06/07/2020
Por José Pacheco
Cova da Piedade, 1 de julho de 2040
Foi um início de julho triste, de notícias desanimadoras. O Brasil perdera sessenta mil almas para a Covid-19 e era epicentro da pandemia. Irresponsáveis declarações de políticos davam origem a uma flexibilização precoce do isolamento social, contribuindo para acelerar a contaminação. Irresponsáveis comunicados da administração educacional anunciavam o regresso à sala de aula.
Na contramão desses desvarios, educadores cônscios preparavam o regresso ao futuro da educação, trocando a ensinagem remota pela aprendizagem na proximidade física e virtual.
Vinte anos antes, o Rubem publicara “A Escola Com Que Sempre Sonhei”, um apelo à humanização do ato de educar: “Quero uma escola que compreenda como os saberes são gerados e nascem”. Em julho de 2020, houve quem colocasse essa intenção em ato, conspirando. Farei a memória desses dias.
Quinze anos antes, preparando o regresso ao futuro da educação anunciado pelo Rubem, pela Nise, pelo Anísio e outros mestres ilustres, os Românticos Conspiradores aprovaram uma “declaração de princípios”: Somos pessoas conscientes de que os modelos educacionais e as práticas educativas possuem decisivas condicionantes socioculturais. Este fato exige que, para a transformação da Educação, tenhamos de ultrapassar seu âmbito restrito, englobando as dimensões sociais, políticas e culturais.
Temos a convicção de que a educação atualmente praticada não contribui para que as gerações futuras tenham condição de superar os cruciais desafios postos para e pela humanidade. Mais do que isso, essa educação acaba por incentivar a formação de pessoas que tendem a reproduzir o modo de pensar, sentir, agir e viver, que produziram tais desafios. Para que os atuais paradigmas educacionais possam ser superados, é necessário estabelecer novas concepções, que apontem formas alternativas de pensar, estruturar e praticar a educação.
A carta de princípios dos Românticos Conspiradores fundamentaria a vital transformação da Educação, para que ela pudesse corresponder às necessidades das pessoas e da sociedade contemporânea. O primeiro dos princípios – “Educar-se para a Integralidade” – assim era definido: A educação deve contemplar a humanidade dos educadores e educandos em sua totalidade, sendo coerente com a indivisibilidade das dimensões biológica, mental e espiritual de cada pessoa. Como cada ser humano possui diferentes limites, possui também potencialidades que poderão ser desenvolvidas e expressas a partir das formações e transformações, que ocorrem durante toda a vida. Para isso a educação deve ser um processo intencional, contínuo e transformador, integral, e que repercuta durante toda a vida.
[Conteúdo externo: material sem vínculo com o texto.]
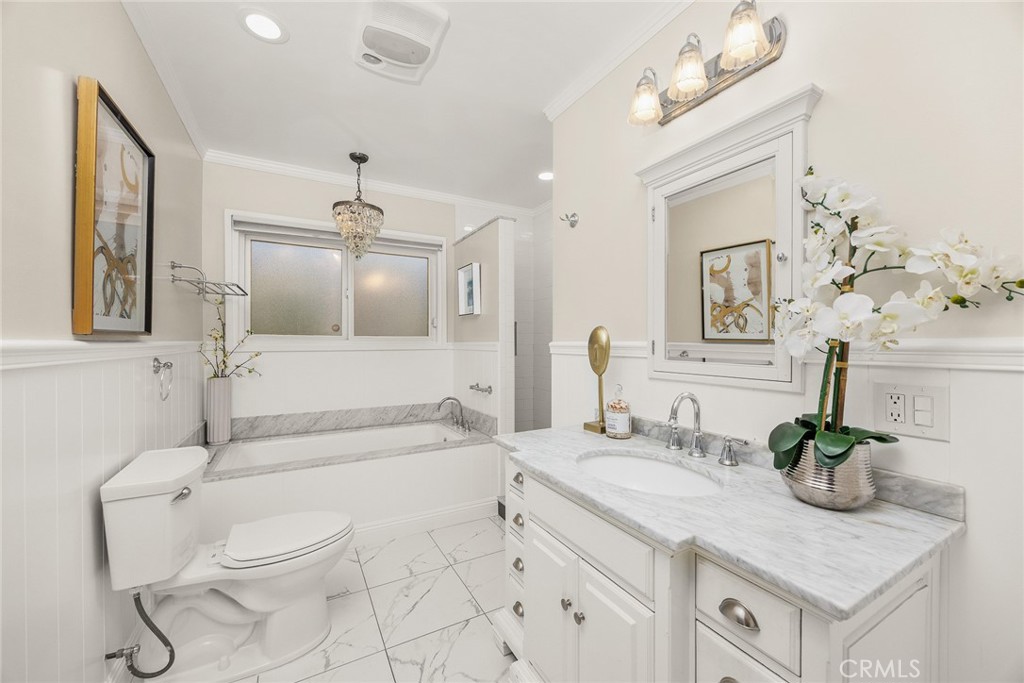 378 Patterson Drive Monrovia, CA 91016 - Photo 16 of 42 a bathroom with a sink vanity granite and toilet
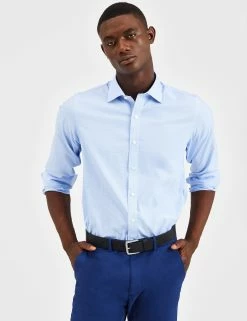 Custom Performance Houndstooth Shirt - Light Blue -clothing Shop BS1000LS LIGHTBLUE 0447 73556354 cd91 481f ad88 bcb48f0e0ed4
Entre 2005 e 2020, os RC se encontravam nos denominados “Encontros Nacionais de Românticos Conspiradores” (ENARC). Coerentes com o princípio enunciado, partilhavam práticas de chão de escola, anunciadoras de educação integral. Aprendiam a conviver na multidimensionalidade do ser. Na prática e conspirando, anteciparam em mais de dez anos o debate em torno da Base Nacional Curricular Comum. E, depois da aprovação desse espúrio documento, a conspiração virou projeto.
Nos dias 11 e 12 de julho do distante 2020, mais um ENARC aconteceria. Pela primeira vez, com um fraterno abraçar apenas virtual. Outros se seguiriam e sobre eles vos falarei. À distância de duas décadas, é com desprendimento que o faço, reverenciando, honrando a memória daqueles educadores que, num presente sombrio, construíram um luminoso futuro.